Applied Materials Sees A Bottom

Applied Materials last night provided more evidence that the semiconductor business could hit bottom in the next couple of quarters, but the strength of the rebound remains the big unanswered question.

AMAT said that orders remain weak, but are bottoming out. The leading chip equipment firm said it expects a modest rebound early next year, and a return to strong growth in the second half of 2002. Interestingly, AMAT said it is seeing orders for next-generation equipment more than for increased capacity, which could be good news for a pure-play next-generation equipment firm like Novellus .

Like almost all tech stocks, the problem with Applied Materials remains valuation. AMAT beat estimates by 2 cents with 5-cent earnings, down 93% from a year ago, when the company earned 70 cents a share. The company trades at 41 times fiscal 2001 (ending in October) estimates of $1.05 a share, and 40 times flat 2002 estimates. That’s double the company’s long-term projected growth rate of 20%.

And that trailing price-to-earnings ratio could get much worse before it gets better. Including this quarter, Applied Materials should earn a total of about 20 cents a share over the next three quarters. Depending on how much the company earns in its April 2002 quarter, AMAT could have a PE north of 100 by the time business begins to rebound.

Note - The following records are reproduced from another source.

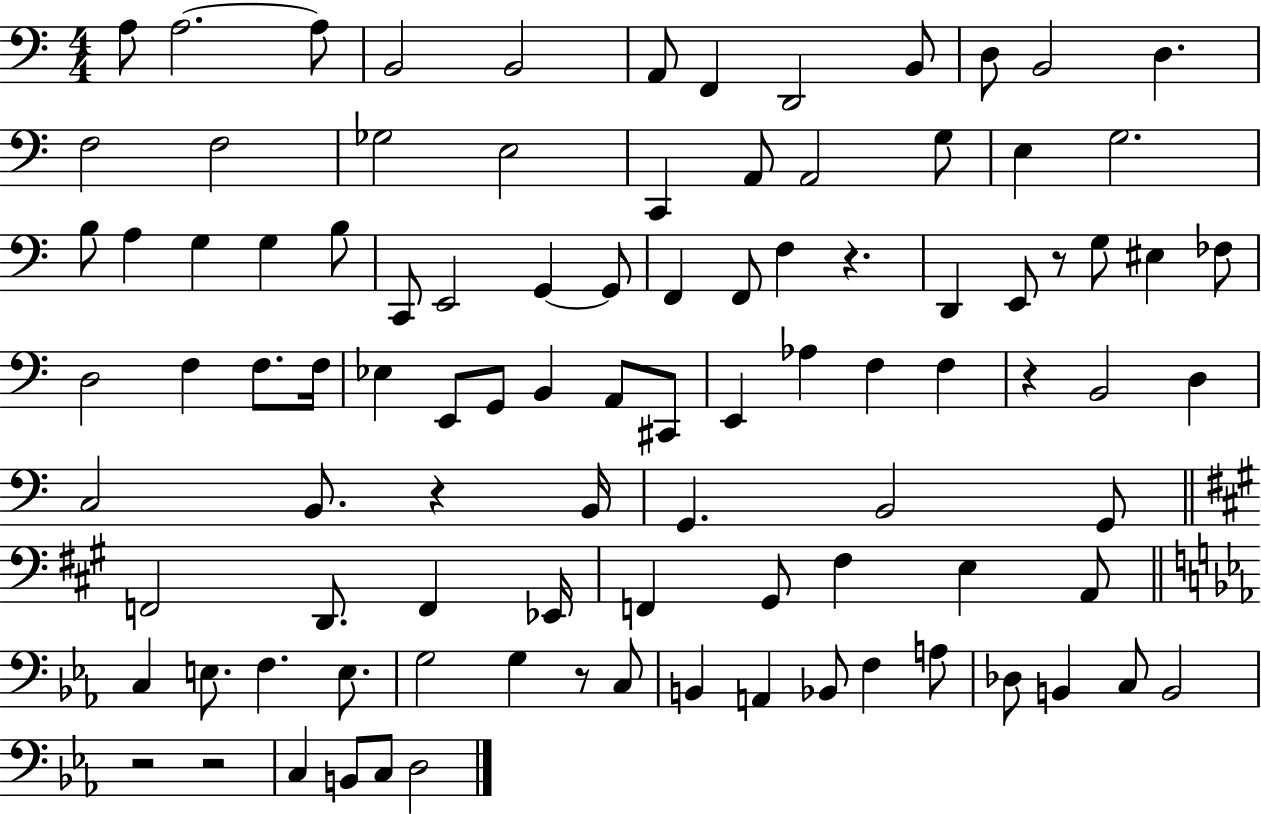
{
  \clef bass
  \numericTimeSignature
  \time 4/4
  \key c \major
  a8 a2.~~ a8 | b,2 b,2 | a,8 f,4 d,2 b,8 | d8 b,2 d4. | \break f2 f2 | ges2 e2 | c,4 a,8 a,2 g8 | e4 g2. | \break b8 a4 g4 g4 b8 | c,8 e,2 g,4~~ g,8 | f,4 f,8 f4 r4. | d,4 e,8 r8 g8 eis4 fes8 | \break d2 f4 f8. f16 | ees4 e,8 g,8 b,4 a,8 cis,8 | e,4 aes4 f4 f4 | r4 b,2 d4 | \break c2 b,8. r4 b,16 | g,4. b,2 g,8 | \bar "||" \break \key a \major f,2 d,8. f,4 ees,16 | f,4 gis,8 fis4 e4 a,8 | \bar "||" \break \key c \minor c4 e8. f4. e8. | g2 g4 r8 c8 | b,4 a,4 bes,8 f4 a8 | des8 b,4 c8 b,2 | \break r2 r2 | c4 b,8 c8 d2 | \bar "|."
}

AMAT is trading up on the better-than-expected earnings news this morning, but the stock’s chart doesn’t look all that promising, with a consolidation broken last week that seems to argue for more downside. 40 is critical support, and 49 is key resistance.

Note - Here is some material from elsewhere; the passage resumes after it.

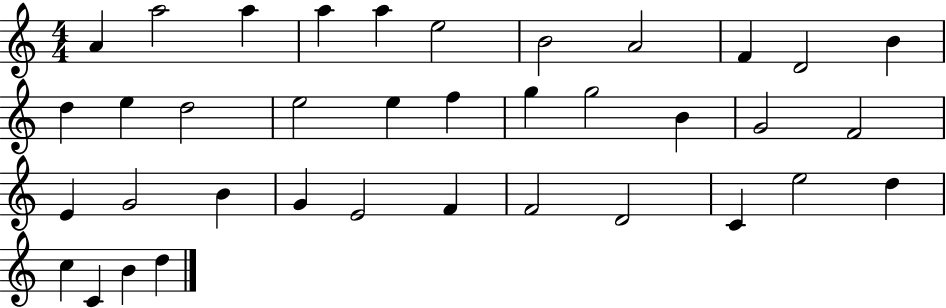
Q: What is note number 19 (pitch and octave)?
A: G5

BEA Systems and NVIDIA also topped estimates last night, and at PEs of 45 and 49, they are trading a little closer to their long-term projected growth rates of 35%-40%.

But BEAS broke critical support at 20 recently, and as a leader in the technically weak software sector, a lower share price is not out of the question at some point. A move above 21-22 would be a plus.

NVIDIA has been one of the stellar performers in the tech sector this year, but it recently had a number of negative divergences in technical indicators, such as stochastics, which made a higher high when the stock made a lower high, meaning that momentum may be waning. If nothing else, the stock’s great gains may be a thing of the past.